Appellant asserts that these plaintiffs, by virtue of the feeder's contract, became and were co-owners with Hill, and that this was in effect a joint venture in the nature of a copartnership. It contends that if plaintiffs were part *Page 103 owners of these animals they could not have a lien thereon. The feeder's contract expressly provides that Hill "shall at all times be the owner of said cattle." Hill gave a bill of sale to the Pingree Company in which he alone was the vendor. The Pingree Company alone executed the chattel mortgage to appellant and neither of these parties requested plaintiffs to join in its execution. The transfer to Pingree Company was made without the knowledge or acquiescence of plaintiffs. They never were recognized by appellant or any of the other defendants at any time as having any title whatsoever to these cattle or any part thereof. The very mortgage upon which appellant bases its claim could convey to it only the interest which the Pingree Company had in the chattels therein described. If the plaintiffs were in fact part owners, their interest was not mortgaged to appellant, and upon the sale, under exhibit "D," plaintiffs would have been entitled to full pay for their interest before appellant could participate in the proceeds, as mortgagee of Hill's interest or the Pingree Company's interest in the cattle. The argument that the evidence shows plaintiffs to have been part owners is untenable when all the facts are considered.

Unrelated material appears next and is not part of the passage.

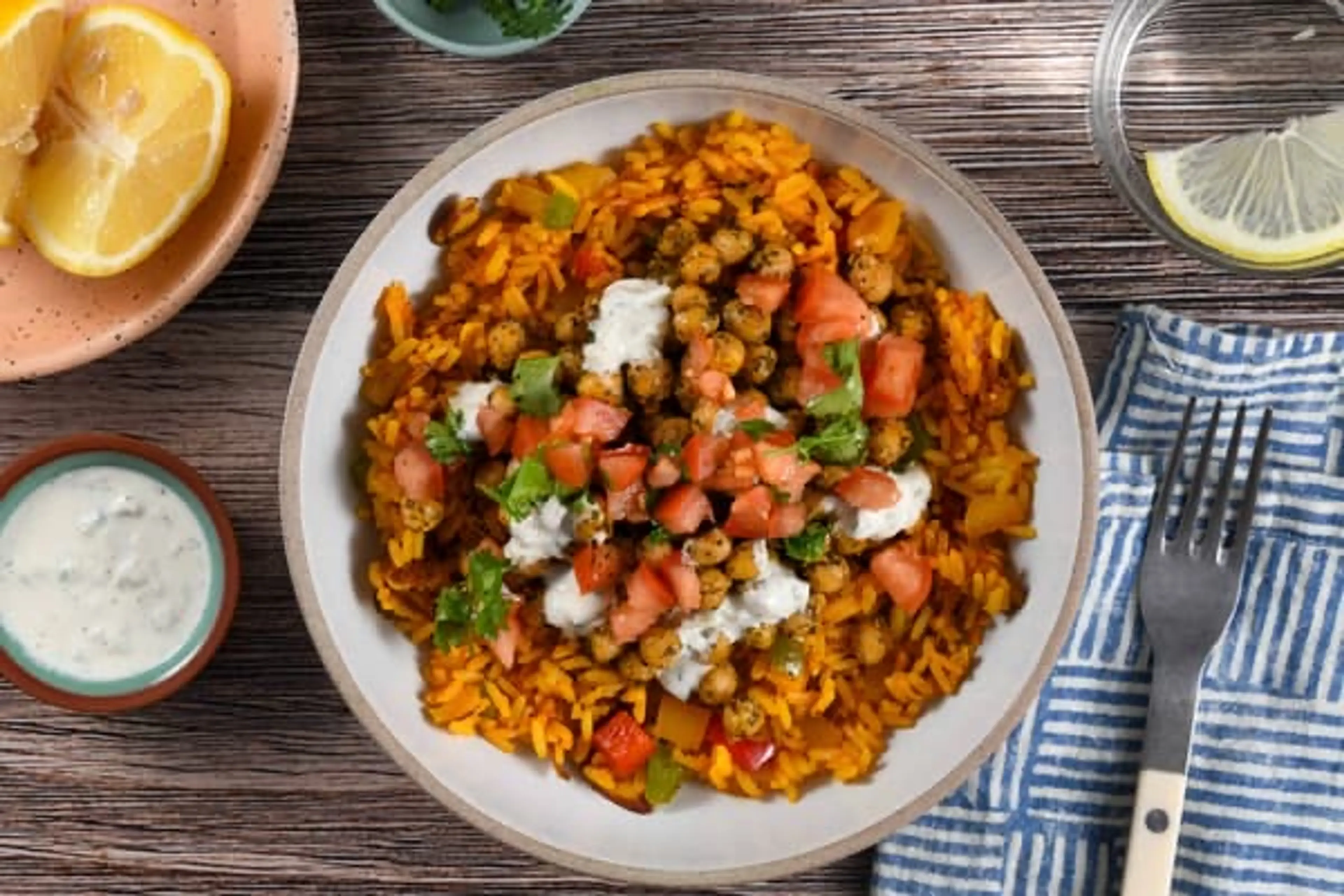 Chimichurri Chickpea Rice Pilaf Bowl with tzatziki and almon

It is seriously urged that because plaintiffs, under the conditions of contract, exhibit "D," voluntarily surrendered possession, they waived their lien, if any they ever had. Such a position does violence to all the rules of fair play and justice, and is not in keeping with the express terms of the solemn agreement of the appellant to the contrary. At the time this latter agreement was made, the feeding period provided under exhibit "A" had terminated. and for some time it had been the duty of the owner of the cattle to accept delivery and pay the plaintiffs for their feed and services theretofore furnished and rendered. Plaintiffs were urgently endeavoring to force the owner to take the cattle and pay them under the contract. At this very time appellant was demanding possession under its chattel mortgage, and denying the rights of plaintiffs to a lien. The cattle were shrinking in weight, the feed was exhausted, and facilities for keeping them longer were at an end. Under *Page 104 these circumstances it was mutually conceded that, unless the cattle were immediately placed on the market, someone would suffer an irreparable loss. The controversy over the diverse rights could not be settled then and there, or without protracted litigation and serious losses. For the protection of all concerned contract exhibit, "D" was executed, so that the cattle could be marketed, without any person relinquishing any right whatsoever as a result of surrendering possession. The sole function and purpose of this contract was to permit the immediate sale of the steers, and the temporary retention of the proceeds, and to allow the various parties thereafter to adjudicate their respective claims, as though plaintiffs still retained the animals. To place any other construction on this contract would render it meaningless. The trial court correctly interpreted it to mean exactly what it was intended to import and accomplish.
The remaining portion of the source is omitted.